В сущности, одновременное явление двух этих «летописей.» означает, что сейчас, наконец, как будто началось — на новом уровне — изучение славянофиль­ства. Приятно, что это знаки действительного изучения, а не «национального» бряцания. Знаменательно, что, наконец, возникло желание не просто поговорить о «русскости» русского славянофильства (как водится в таких случаях, «по-рус­ски рубаху рванув на груди»!), а действительно разобраться в истоках и основа­ниях этой «русскости».

Показательно и то, что наиболее документированная и проработанная из двух «летописей.» — жизнеописание Ивана Аксакова — носит заглавие «Ма­териалы для.». Именно так назвал «первый пушкинист» П.В. Анненков напи­санную им в 1855 г. первую биографию Пушкина, до сих пор остающуюся ценнейшим справочным пособием для пушкинистов. «Материалы.» — это то, что сам автор признает «неокончательным», «неполным». А публикация их должна дать стимул к дальнейшему собиранию и изучению. С.В. Мотин, основ­ной составитель «Материалов.», делит жизнь и творчество своего героя на шесть периодов — вышедшие три выпуска охватывают лишь два первых периода. Глав­ное в деятельности «душеприказчика покойных славянофилов» — «Московские сборники», «Русская беседа», газеты «День» и «Москва», деятельность в Сла­вянском комитете, газета «Русь» и т.д. — еще впереди. И труд по «летописанию» этой деятельности — «страшно громаден». Но — для русской гуманитарной куль­туры — необходим.

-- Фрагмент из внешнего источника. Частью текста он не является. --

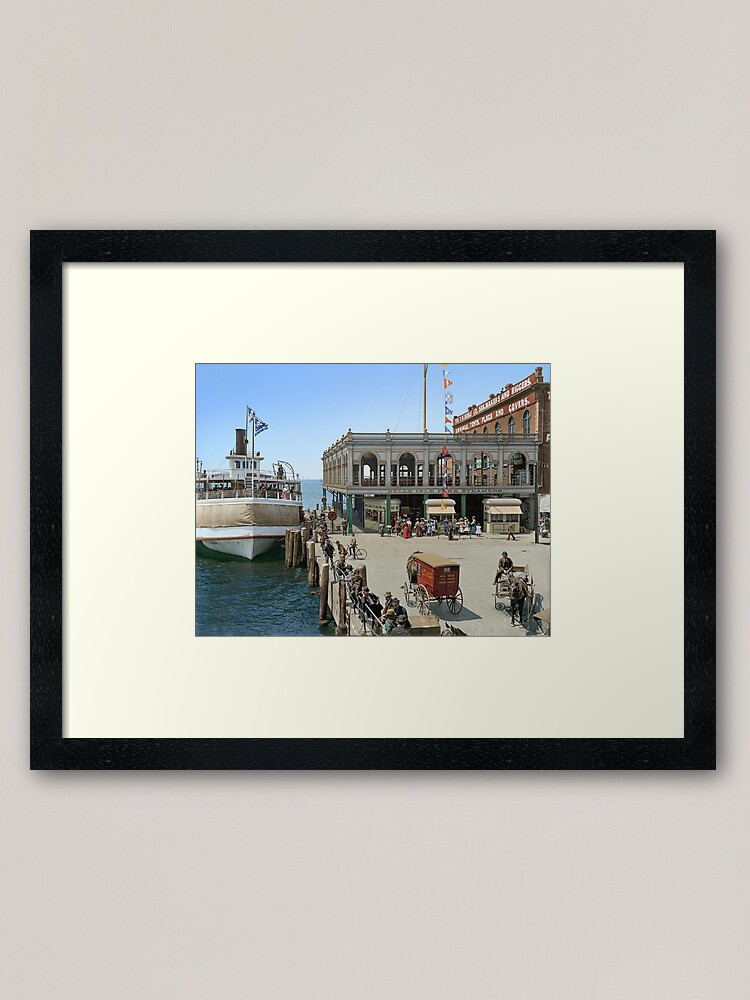 Alternate view of Belle Isle ferry dock, Detroit, in 1905 Framed Art Print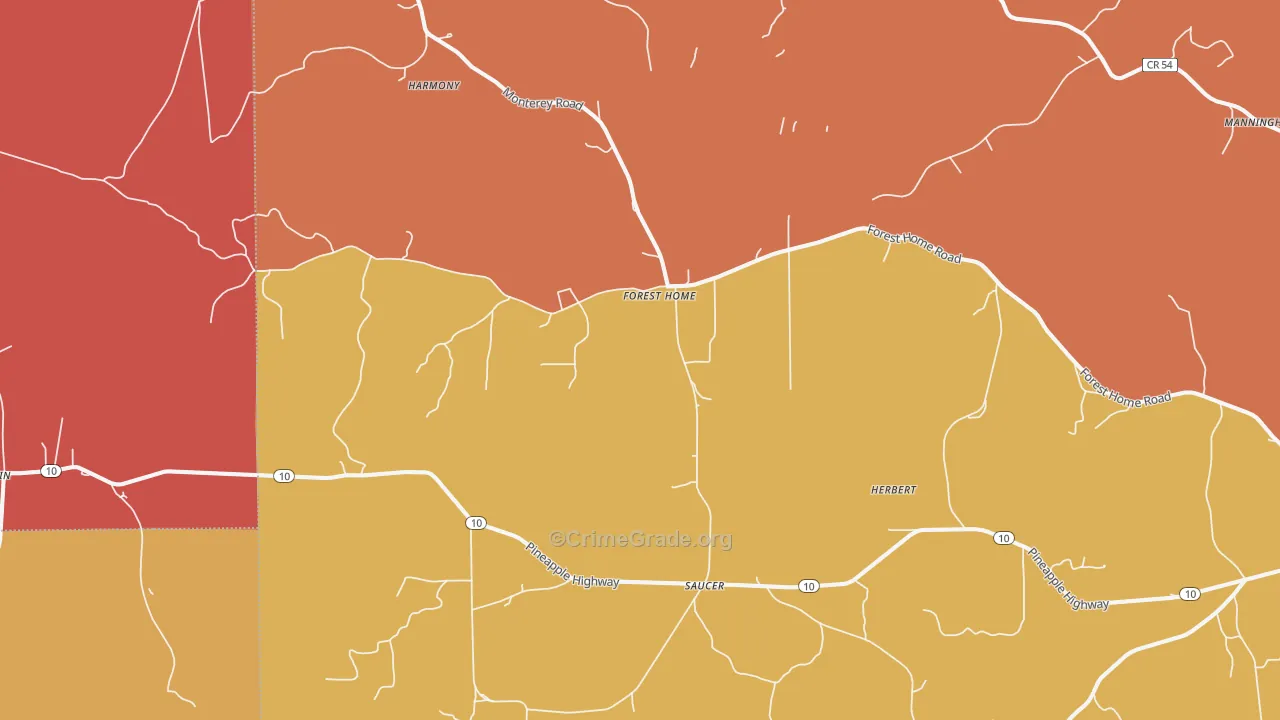 Forest Home, AL Map of Robbery Rates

А «Летопись.» только еще «прикидывается» полноценной летописью. По­коящаяся, в основном, на «вторичных» источниках, она разве что обобщает большой биографический и творческий материал. И вместе с тем призывает будущих исследователей идти вперед — не убоявшись тысяч неосвоенных «еди­ниц хранения». Она — тоже явление, в гуманитарной науке необходимое по­стольку, поскольку не претендует на «окончательность» и не «закрывает», а от­крывает тему.

Так что нужность и востребованность обеих справочных новинок сомнений не вызывает. От них не откажется ни научная библиотека, ни гуманитарная ка­федра, ни серьезный исследователь русской культуры.

Но тираж — 100 экземпляров.

Неужели мы в своем культурном развитии дожили до такой вот «маргинальности»?

Или, может быть, здесь дело в другом — о чем тоже пора подумать?